# WHAT NEEDS TO BE DONE
Transcribe the listing that follows exactly, from its first line to its last.

=-=-=-=-=

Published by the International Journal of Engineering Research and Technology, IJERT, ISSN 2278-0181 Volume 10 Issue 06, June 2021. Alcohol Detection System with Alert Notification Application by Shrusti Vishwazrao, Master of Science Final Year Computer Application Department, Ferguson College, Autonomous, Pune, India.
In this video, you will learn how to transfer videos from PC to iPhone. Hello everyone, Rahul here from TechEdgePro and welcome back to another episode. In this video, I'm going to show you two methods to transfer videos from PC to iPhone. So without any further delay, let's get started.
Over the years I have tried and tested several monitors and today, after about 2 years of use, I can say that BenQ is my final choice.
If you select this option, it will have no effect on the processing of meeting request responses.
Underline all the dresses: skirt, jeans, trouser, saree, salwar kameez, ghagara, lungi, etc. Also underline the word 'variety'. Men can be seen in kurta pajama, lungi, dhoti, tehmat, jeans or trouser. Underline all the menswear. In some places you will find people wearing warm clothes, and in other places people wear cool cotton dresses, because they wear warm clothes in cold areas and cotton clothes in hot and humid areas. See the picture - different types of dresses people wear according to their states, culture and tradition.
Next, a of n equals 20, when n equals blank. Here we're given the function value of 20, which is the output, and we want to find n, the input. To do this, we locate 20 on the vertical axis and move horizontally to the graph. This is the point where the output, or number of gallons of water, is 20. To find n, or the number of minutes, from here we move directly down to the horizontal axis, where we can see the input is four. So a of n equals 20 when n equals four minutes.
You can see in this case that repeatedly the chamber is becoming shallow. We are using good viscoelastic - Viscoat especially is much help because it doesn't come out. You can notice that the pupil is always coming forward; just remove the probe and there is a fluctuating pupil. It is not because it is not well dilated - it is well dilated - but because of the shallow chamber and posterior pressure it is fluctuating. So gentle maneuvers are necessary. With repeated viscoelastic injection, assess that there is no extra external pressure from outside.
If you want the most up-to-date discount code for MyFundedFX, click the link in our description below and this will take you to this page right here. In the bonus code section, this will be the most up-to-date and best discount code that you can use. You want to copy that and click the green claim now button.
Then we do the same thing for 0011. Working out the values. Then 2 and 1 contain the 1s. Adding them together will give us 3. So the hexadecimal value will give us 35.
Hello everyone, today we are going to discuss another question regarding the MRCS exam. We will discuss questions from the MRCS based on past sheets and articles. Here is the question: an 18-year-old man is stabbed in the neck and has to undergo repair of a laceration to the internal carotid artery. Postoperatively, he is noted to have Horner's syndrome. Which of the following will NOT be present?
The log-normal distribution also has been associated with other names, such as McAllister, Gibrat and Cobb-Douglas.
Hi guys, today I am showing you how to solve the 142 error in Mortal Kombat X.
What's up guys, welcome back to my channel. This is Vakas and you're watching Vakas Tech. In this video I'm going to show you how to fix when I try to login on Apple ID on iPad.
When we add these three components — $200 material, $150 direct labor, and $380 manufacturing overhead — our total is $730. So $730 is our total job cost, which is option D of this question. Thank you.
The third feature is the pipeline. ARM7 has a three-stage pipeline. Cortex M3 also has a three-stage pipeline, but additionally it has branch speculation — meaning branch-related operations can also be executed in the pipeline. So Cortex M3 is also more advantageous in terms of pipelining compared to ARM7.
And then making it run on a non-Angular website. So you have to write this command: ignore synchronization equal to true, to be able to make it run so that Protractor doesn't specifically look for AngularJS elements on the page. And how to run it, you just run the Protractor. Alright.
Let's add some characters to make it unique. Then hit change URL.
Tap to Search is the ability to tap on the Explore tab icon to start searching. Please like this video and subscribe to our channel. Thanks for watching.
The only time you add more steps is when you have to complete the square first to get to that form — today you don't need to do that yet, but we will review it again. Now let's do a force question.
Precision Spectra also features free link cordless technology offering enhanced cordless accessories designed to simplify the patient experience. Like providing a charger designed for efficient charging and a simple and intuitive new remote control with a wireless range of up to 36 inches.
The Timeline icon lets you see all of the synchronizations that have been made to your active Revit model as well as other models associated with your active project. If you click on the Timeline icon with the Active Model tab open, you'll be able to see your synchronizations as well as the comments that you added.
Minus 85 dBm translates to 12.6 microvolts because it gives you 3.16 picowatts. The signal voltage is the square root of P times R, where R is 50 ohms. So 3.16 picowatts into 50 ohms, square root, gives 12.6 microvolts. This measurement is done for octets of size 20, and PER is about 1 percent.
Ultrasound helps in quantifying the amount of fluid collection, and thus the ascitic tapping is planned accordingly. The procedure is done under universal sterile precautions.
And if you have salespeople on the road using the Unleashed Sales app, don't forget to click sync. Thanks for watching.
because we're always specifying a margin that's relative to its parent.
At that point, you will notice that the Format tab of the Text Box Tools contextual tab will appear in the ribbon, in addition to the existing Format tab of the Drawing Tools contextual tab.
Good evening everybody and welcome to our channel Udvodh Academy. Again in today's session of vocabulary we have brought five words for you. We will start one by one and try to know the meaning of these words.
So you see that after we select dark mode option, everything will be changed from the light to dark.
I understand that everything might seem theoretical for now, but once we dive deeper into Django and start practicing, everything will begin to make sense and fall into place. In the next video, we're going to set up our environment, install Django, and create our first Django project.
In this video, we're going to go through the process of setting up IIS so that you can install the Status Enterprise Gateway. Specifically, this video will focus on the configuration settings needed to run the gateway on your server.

=-=-=-=-=

# TASK RESULT
Published by the International Journal of Engineering Research and Technology, IJERT, ISSN 2278-0181 Volume 10 Issue 06, June 2021. Alcohol Detection System with Alert Notification Application by Shrusti Vishwazrao, Master of Science Final Year Computer Application Department, Ferguson College, Autonomous, Pune, India.
In this video, you will learn how to transfer videos from PC to iPhone. Hello everyone, Rahul here from TechEdgePro and welcome back to another episode. In this video, I'm going to show you two methods to transfer videos from PC to iPhone. So without any further delay, let's get started.
Over the years I have tried and tested several monitors and today, after about 2 years of use, I can say that BenQ is my final choice.
If you select this option, it will have no effect on the processing of meeting request responses.
Underline all the dresses: skirt, jeans, trouser, saree, salwar kameez, ghagara, lungi, etc. Also underline the word 'variety'. Men can be seen in kurta pajama, lungi, dhoti, tehmat, jeans or trouser. Underline all the menswear. In some places you will find people wearing warm clothes, and in other places people wear cool cotton dresses, because they wear warm clothes in cold areas and cotton clothes in hot and humid areas. See the picture - different types of dresses people wear according to their states, culture and tradition.
Next, a of n equals 20, when n equals blank. Here we're given the function value of 20, which is the output, and we want to find n, the input. To do this, we locate 20 on the vertical axis and move horizontally to the graph. This is the point where the output, or number of gallons of water, is 20. To find n, or the number of minutes, from here we move directly down to the horizontal axis, where we can see the input is four. So a of n equals 20 when n equals four minutes.
You can see in this case that repeatedly the chamber is becoming shallow. We are using good viscoelastic - Viscoat especially is much help because it doesn't come out. You can notice that the pupil is always coming forward; just remove the probe and there is a fluctuating pupil. It is not because it is not well dilated - it is well dilated - but because of the shallow chamber and posterior pressure it is fluctuating. So gentle maneuvers are necessary. With repeated viscoelastic injection, assess that there is no extra external pressure from outside.
If you want the most up-to-date discount code for MyFundedFX, click the link in our description below and this will take you to this page right here. In the bonus code section, this will be the most up-to-date and best discount code that you can use. You want to copy that and click the green claim now button.
Then we do the same thing for 0011. Working out the values. Then 2 and 1 contain the 1s. Adding them together will give us 3. So the hexadecimal value will give us 35.
Hello everyone, today we are going to discuss another question regarding the MRCS exam. We will discuss questions from the MRCS based on past sheets and articles. Here is the question: an 18-year-old man is stabbed in the neck and has to undergo repair of a laceration to the internal carotid artery. Postoperatively, he is noted to have Horner's syndrome. Which of the following will NOT be present?
The log-normal distribution also has been associated with other names, such as McAllister, Gibrat and Cobb-Douglas.
Hi guys, today I am showing you how to solve the 142 error in Mortal Kombat X.
What's up guys, welcome back to my channel. This is Vakas and you're watching Vakas Tech. In this video I'm going to show you how to fix when I try to login on Apple ID on iPad.
When we add these three components — $200 material, $150 direct labor, and $380 manufacturing overhead — our total is $730. So $730 is our total job cost, which is option D of this question. Thank you.
The third feature is the pipeline. ARM7 has a three-stage pipeline. Cortex M3 also has a three-stage pipeline, but additionally it has branch speculation — meaning branch-related operations can also be executed in the pipeline. So Cortex M3 is also more advantageous in terms of pipelining compared to ARM7.
And then making it run on a non-Angular website. So you have to write this command: ignore synchronization equal to true, to be able to make it run so that Protractor doesn't specifically look for AngularJS elements on the page. And how to run it, you just run the Protractor. Alright.
Let's add some characters to make it unique. Then hit change URL.
Tap to Search is the ability to tap on the Explore tab icon to start searching. Please like this video and subscribe to our channel. Thanks for watching.
The only time you add more steps is when you have to complete the square first to get to that form — today you don't need to do that yet, but we will review it again. Now let's do a force question.
Precision Spectra also features free link cordless technology offering enhanced cordless accessories designed to simplify the patient experience. Like providing a charger designed for efficient charging and a simple and intuitive new remote control with a wireless range of up to 36 inches.
The Timeline icon lets you see all of the synchronizations that have been made to your active Revit model as well as other models associated with your active project. If you click on the Timeline icon with the Active Model tab open, you'll be able to see your synchronizations as well as the comments that you added.
Minus 85 dBm translates to 12.6 microvolts because it gives you 3.16 picowatts. The signal voltage is the square root of P times R, where R is 50 ohms. So 3.16 picowatts into 50 ohms, square root, gives 12.6 microvolts. This measurement is done for octets of size 20, and PER is about 1 percent.
Ultrasound helps in quantifying the amount of fluid collection, and thus the ascitic tapping is planned accordingly. The procedure is done under universal sterile precautions.
And if you have salespeople on the road using the Unleashed Sales app, don't forget to click sync. Thanks for watching.
because we're always specifying a margin that's relative to its parent.
At that point, you will notice that the Format tab of the Text Box Tools contextual tab will appear in the ribbon, in addition to the existing Format tab of the Drawing Tools contextual tab.
Good evening everybody and welcome to our channel Udvodh Academy. Again in today's session of vocabulary we have brought five words for you. We will start one by one and try to know the meaning of these words.
So you see that after we select dark mode option, everything will be changed from the light to dark.
I understand that everything might seem theoretical for now, but once we dive deeper into Django and start practicing, everything will begin to make sense and fall into place. In the next video, we're going to set up our environment, install Django, and create our first Django project.
In this video, we're going to go through the process of setting up IIS so that you can install the Status Enterprise Gateway. Specifically, this video will focus on the configuration settings needed to run the gateway on your server.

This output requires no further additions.